Last week, Dena Patrick of Wishadoo! — an online charitable organization — posted a Change.org petition calling for the federal government to provide Hurricane Sandy first responders with health benefits, since thousands of disaster relief workers do not currently qualify for coverage. Today, the Office of Personnel Management (OPM) granted her request, announcing that it will immediately begin providing permanent health benefits to more than 8,000 disaster assistance employees who work on intermittent or temporary schedules.
The Change.org petition drew tens of thousands of signatures within days, prompting OPM to open up the Federal Employee Health Benefits plan to “certain employees who work on intermittent schedules” to correct for the long-standing benefit shortfall:
“This regulatory change removes a longstanding barrier to [Federal Employees Health Benefits] coverage for FEMA’s disaster assistance employees who are helping the recovery effort in the aftermath of Hurricane Sandy,” said John Berry, director of OPM.
The agency referred to the decision to grant seasonal firefighters health benefits in July as a sort of precedent for offering benefits to reservists, or part-time disaster workers, according to a government document.

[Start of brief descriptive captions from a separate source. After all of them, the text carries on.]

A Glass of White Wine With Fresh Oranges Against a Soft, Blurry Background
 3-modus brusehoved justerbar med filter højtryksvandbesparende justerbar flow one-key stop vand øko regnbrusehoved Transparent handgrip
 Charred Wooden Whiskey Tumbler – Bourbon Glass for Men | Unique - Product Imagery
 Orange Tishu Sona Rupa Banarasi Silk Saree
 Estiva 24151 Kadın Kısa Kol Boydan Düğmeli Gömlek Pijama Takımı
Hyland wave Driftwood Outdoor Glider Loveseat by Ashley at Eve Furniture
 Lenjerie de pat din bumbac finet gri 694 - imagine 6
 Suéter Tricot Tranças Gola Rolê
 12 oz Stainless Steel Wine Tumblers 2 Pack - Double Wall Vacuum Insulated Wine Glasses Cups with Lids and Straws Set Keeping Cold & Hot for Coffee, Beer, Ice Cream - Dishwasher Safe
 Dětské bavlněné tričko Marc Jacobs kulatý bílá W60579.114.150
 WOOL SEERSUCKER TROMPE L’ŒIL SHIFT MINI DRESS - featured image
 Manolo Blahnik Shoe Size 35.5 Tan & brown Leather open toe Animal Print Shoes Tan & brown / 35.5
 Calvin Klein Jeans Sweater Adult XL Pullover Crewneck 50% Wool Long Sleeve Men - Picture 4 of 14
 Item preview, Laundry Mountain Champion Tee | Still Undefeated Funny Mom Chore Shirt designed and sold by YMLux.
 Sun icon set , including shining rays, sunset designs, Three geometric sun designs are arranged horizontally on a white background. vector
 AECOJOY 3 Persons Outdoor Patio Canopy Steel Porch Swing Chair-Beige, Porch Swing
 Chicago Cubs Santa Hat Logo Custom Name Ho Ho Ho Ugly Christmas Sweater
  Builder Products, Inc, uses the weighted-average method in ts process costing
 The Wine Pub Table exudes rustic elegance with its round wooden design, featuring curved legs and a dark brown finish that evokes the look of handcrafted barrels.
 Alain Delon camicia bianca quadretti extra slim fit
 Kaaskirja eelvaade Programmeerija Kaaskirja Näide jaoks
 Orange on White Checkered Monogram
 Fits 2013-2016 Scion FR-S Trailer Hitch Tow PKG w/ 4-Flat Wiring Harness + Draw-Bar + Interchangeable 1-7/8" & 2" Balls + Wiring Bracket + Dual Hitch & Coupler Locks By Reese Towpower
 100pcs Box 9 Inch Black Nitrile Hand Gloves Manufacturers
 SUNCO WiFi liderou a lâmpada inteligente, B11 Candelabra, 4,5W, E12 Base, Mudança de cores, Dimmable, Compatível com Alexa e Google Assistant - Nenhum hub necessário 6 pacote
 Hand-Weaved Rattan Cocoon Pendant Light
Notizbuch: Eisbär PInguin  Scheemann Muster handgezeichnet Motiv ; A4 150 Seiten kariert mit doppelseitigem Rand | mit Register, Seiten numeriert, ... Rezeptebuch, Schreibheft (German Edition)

Currently, reservists make up the majority of about 3,000 FEMA employees sent to areas affected by the hurricane. Until Friday, they were offered federal health care benefits only when deployed. […]
“Contacting the heads of the various agencies wasn’t even necessary. This was truly a grassroots, from the bottom up, movement,” Patrick said. The petition had more than 113,000 signatures as of Tuesday morning.
About 70 percent of the FEMA workforce serves on a part-time basis through the Reservist Program, meaning that they did not qualify for employer-based health coverage before today’s announcement — despite the dangerous nature of their work and the long hours comparable to full-time employees’ schedules. OPM’s decision to act in response Patrick’s petition is a swift move to correct this coverage gap for the disaster relief workers who are critical to the country’s clean-up efforts.